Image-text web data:
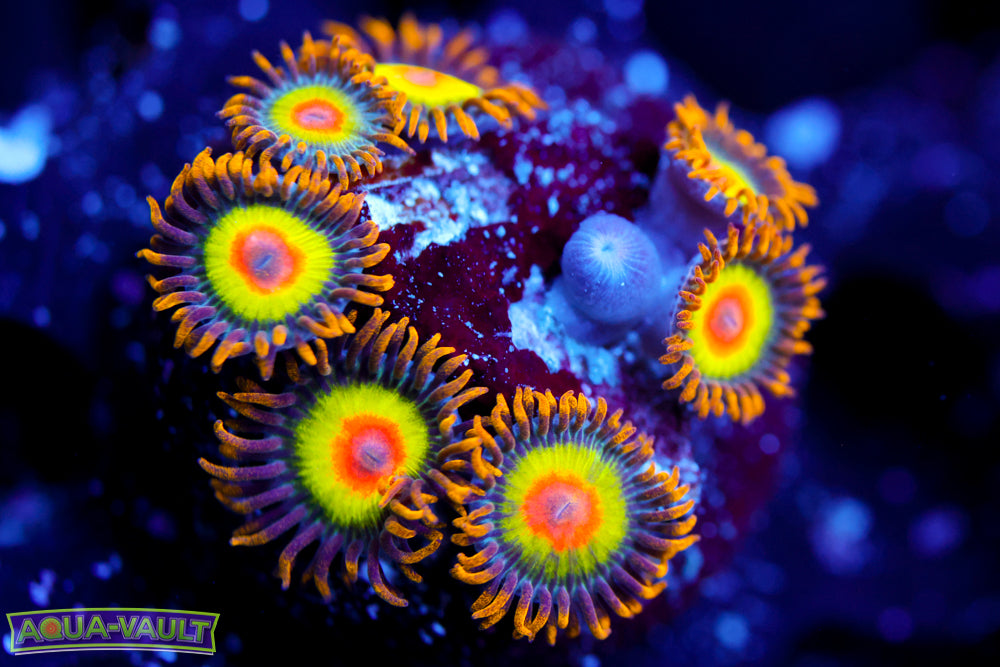 Rasta Zoa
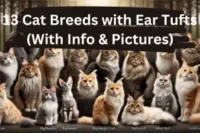 13 Cat Breeds with Ear Tufts (With Info & Pictures)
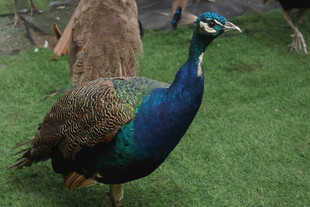 草地上的美丽孔雀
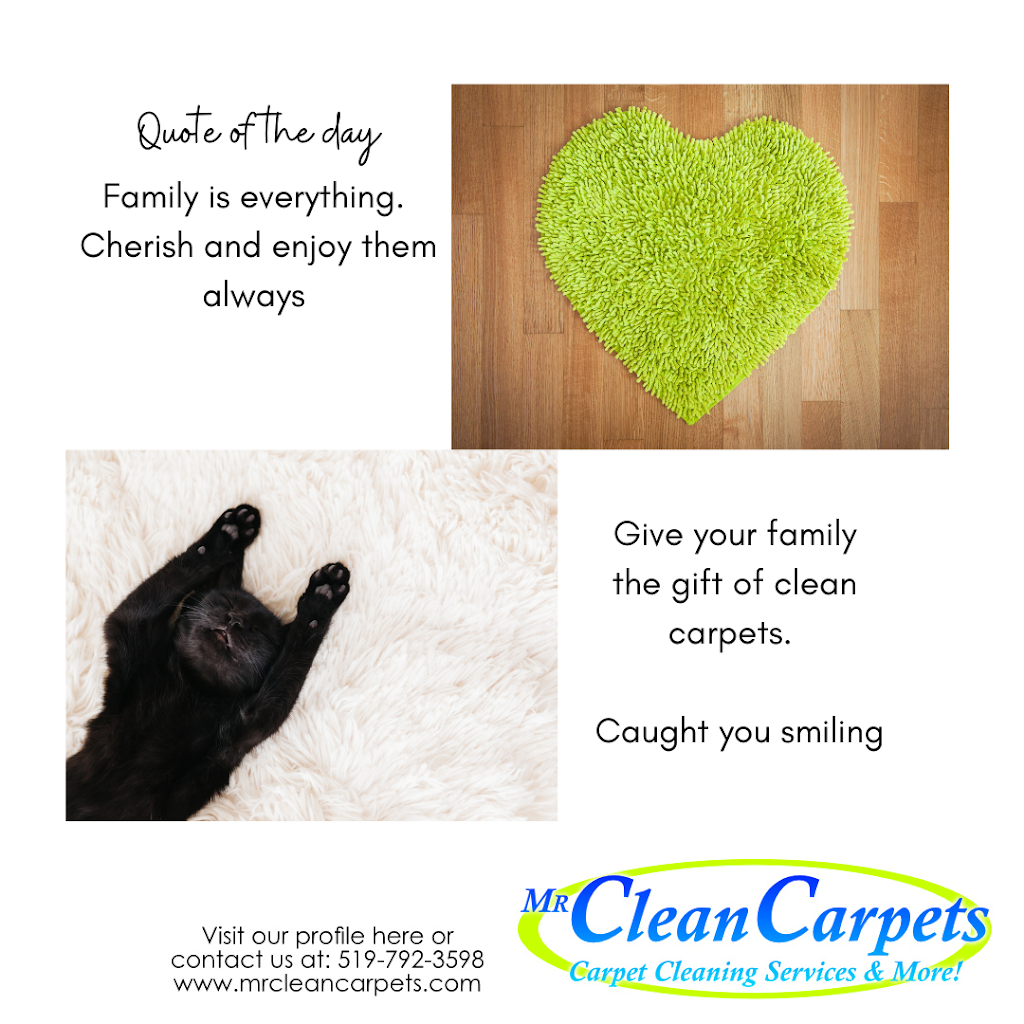 Mr CleanCarpets | 370 Fryer St, Amherstburg, ON N9V 2L9, Canada | Phone: (519) 792-3598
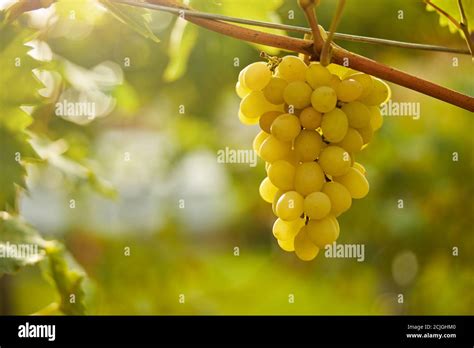 white grapes carbs  kaitlyn fitzhardinge blog
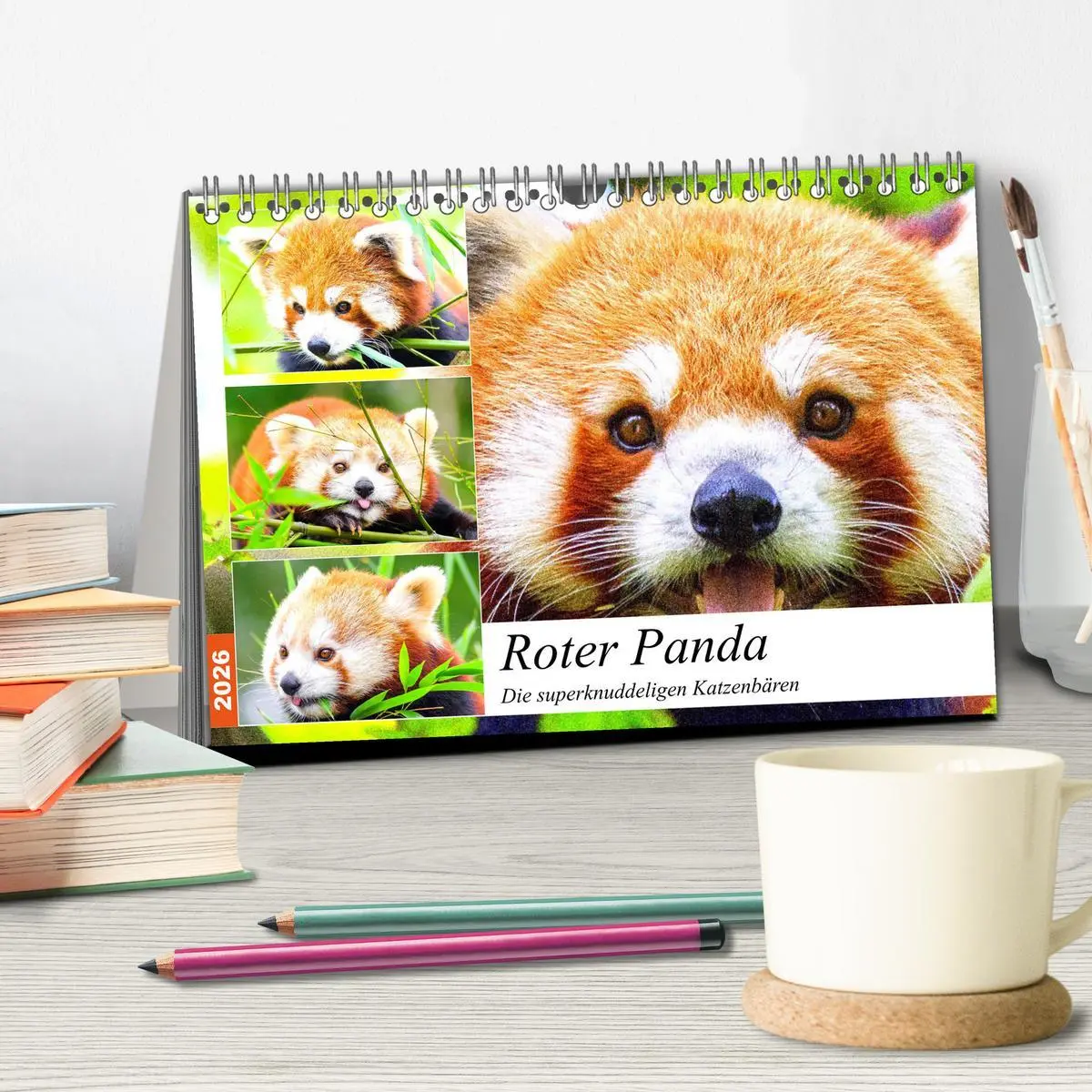 Bild: 9783457747209 | Roter Panda. Die superknuddeligen Katzenbären (Tischkalender 2026...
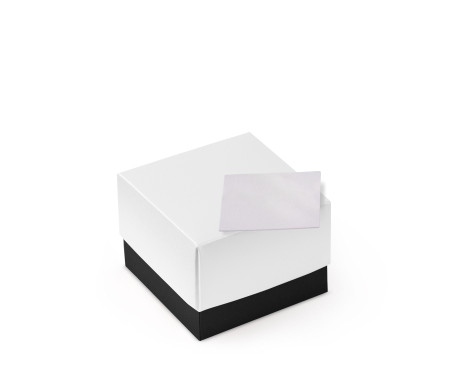 Jolie Boîte Cadeau avec Fermeture et Noeud Décoratif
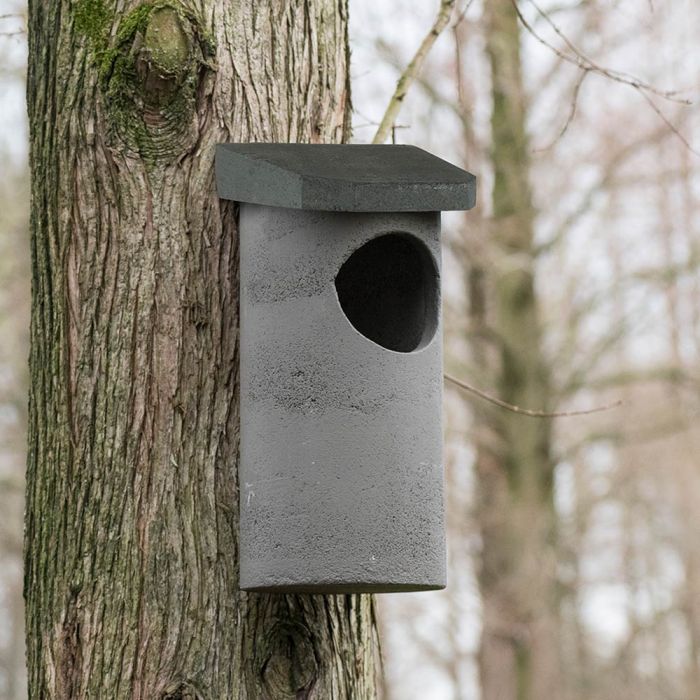tawny owl nest box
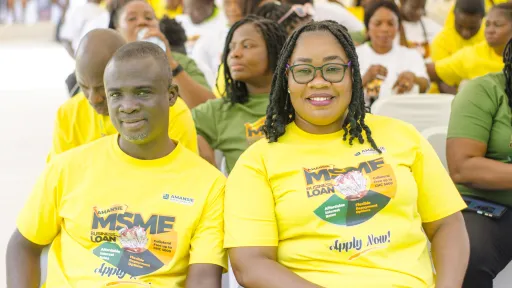 GIZ Ghana project fin products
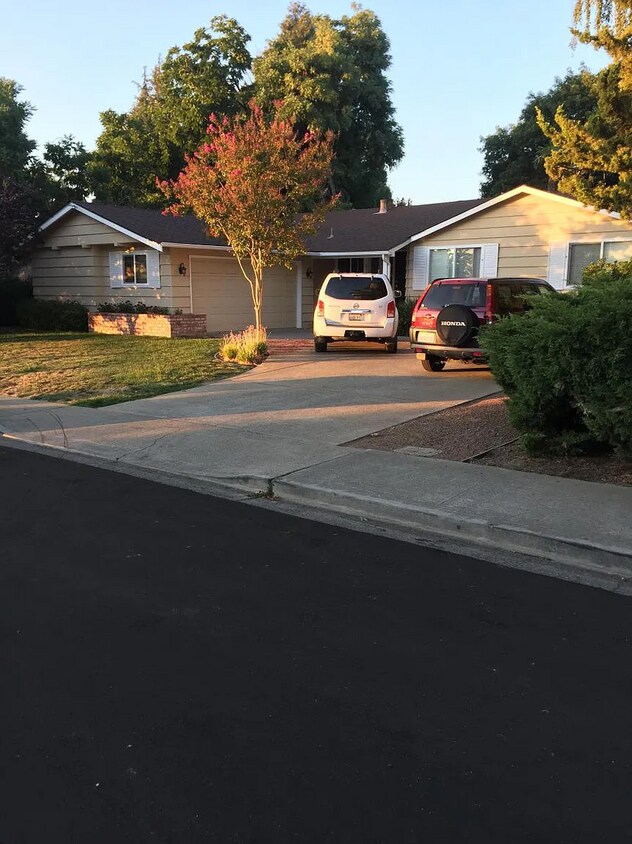 428 Dogwood Dr, Walnut Creek, CA 94598 House Rental in Walnut Creek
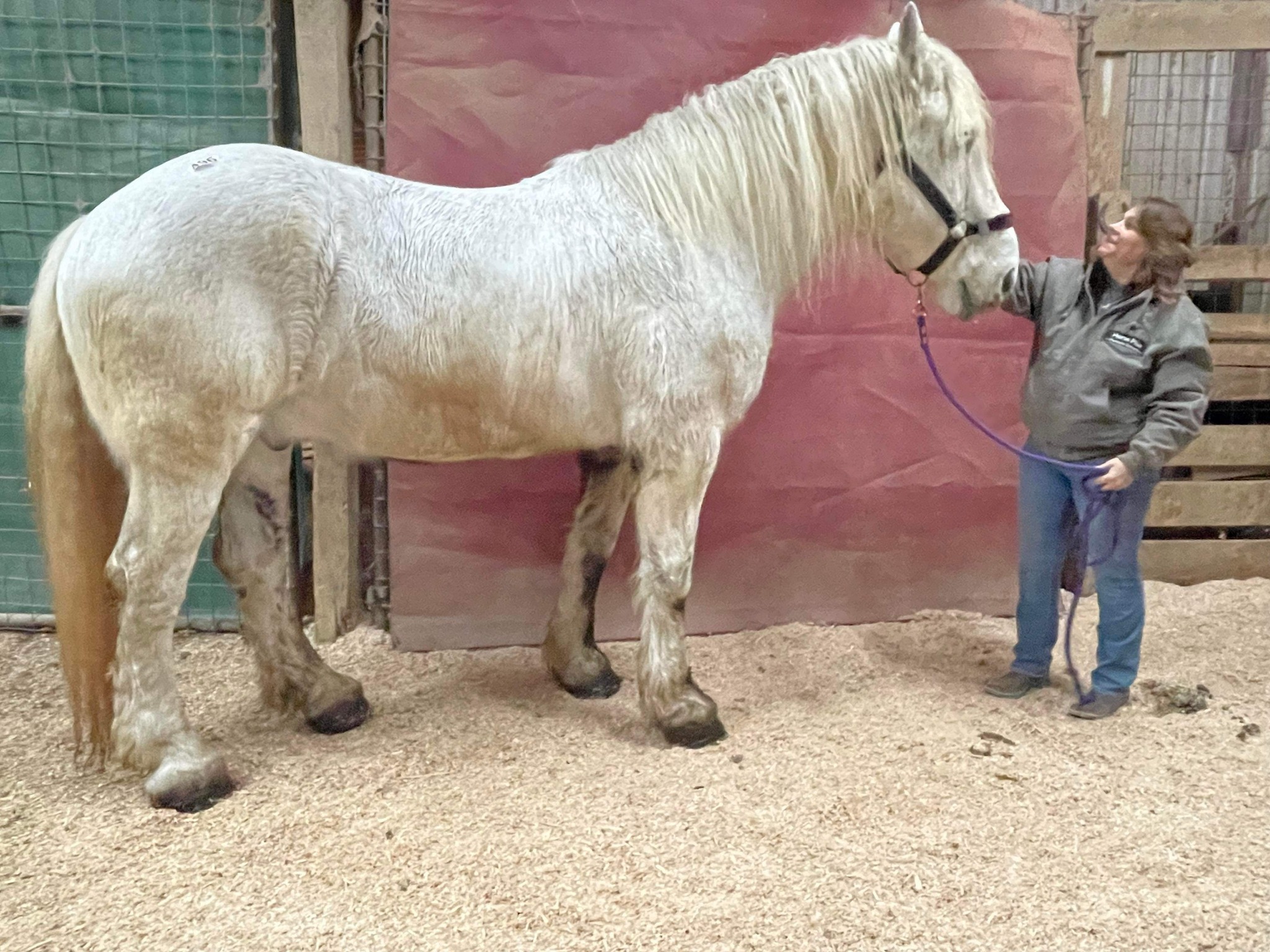 💙Meet Mr. Hawaii!💙 We rescued... - Horse Plus Humane Society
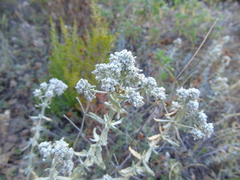 Teucrium capitatum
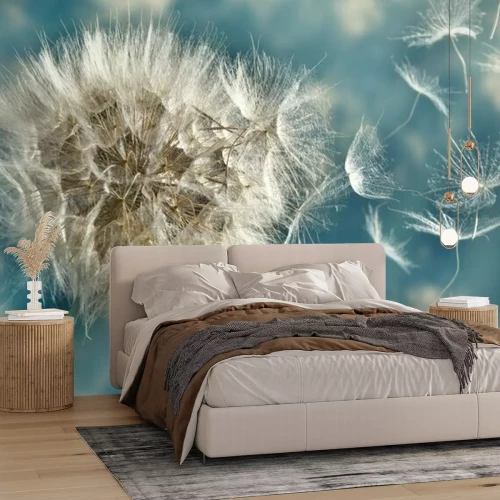 Fototapete Löwenzahn vor blauem Himmel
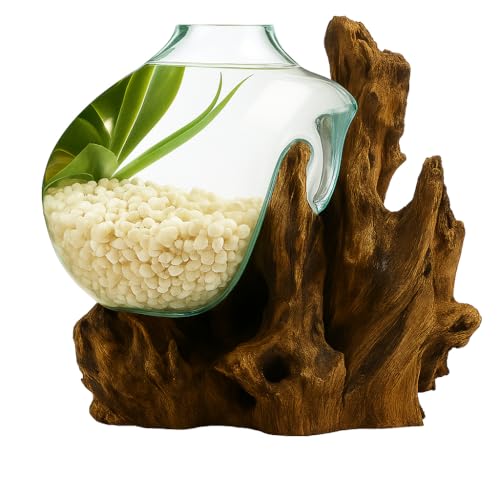 OMA Hand Blown Molten Glass on Driftwood Terrarium Vase or Planter – Recycled Glass & Natural Wood for Coastal & Boho Home Décor (12"–14" High) - size: 12" - 14" High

Problem to work on | The records above must be output exactly, except for the pictures.

Result for this task |
 Rasta Zoa
 13 Cat Breeds with Ear Tufts (With Info & Pictures)
 草地上的美丽孔雀
 Mr CleanCarpets | 370 Fryer St, Amherstburg, ON N9V 2L9, Canada | Phone: (519) 792-3598
 white grapes carbs  kaitlyn fitzhardinge blog
 Bild: 9783457747209 | Roter Panda. Die superknuddeligen Katzenbären (Tischkalender 2026...
 Jolie Boîte Cadeau avec Fermeture et Noeud Décoratif
tawny owl nest box
 GIZ Ghana project fin products
 428 Dogwood Dr, Walnut Creek, CA 94598 House Rental in Walnut Creek
 💙Meet Mr. Hawaii!💙 We rescued... - Horse Plus Humane Society
 Teucrium capitatum
 Fototapete Löwenzahn vor blauem Himmel
 OMA Hand Blown Molten Glass on Driftwood Terrarium Vase or Planter – Recycled Glass & Natural Wood for Coastal & Boho Home Décor (12"–14" High) - size: 12" - 14" High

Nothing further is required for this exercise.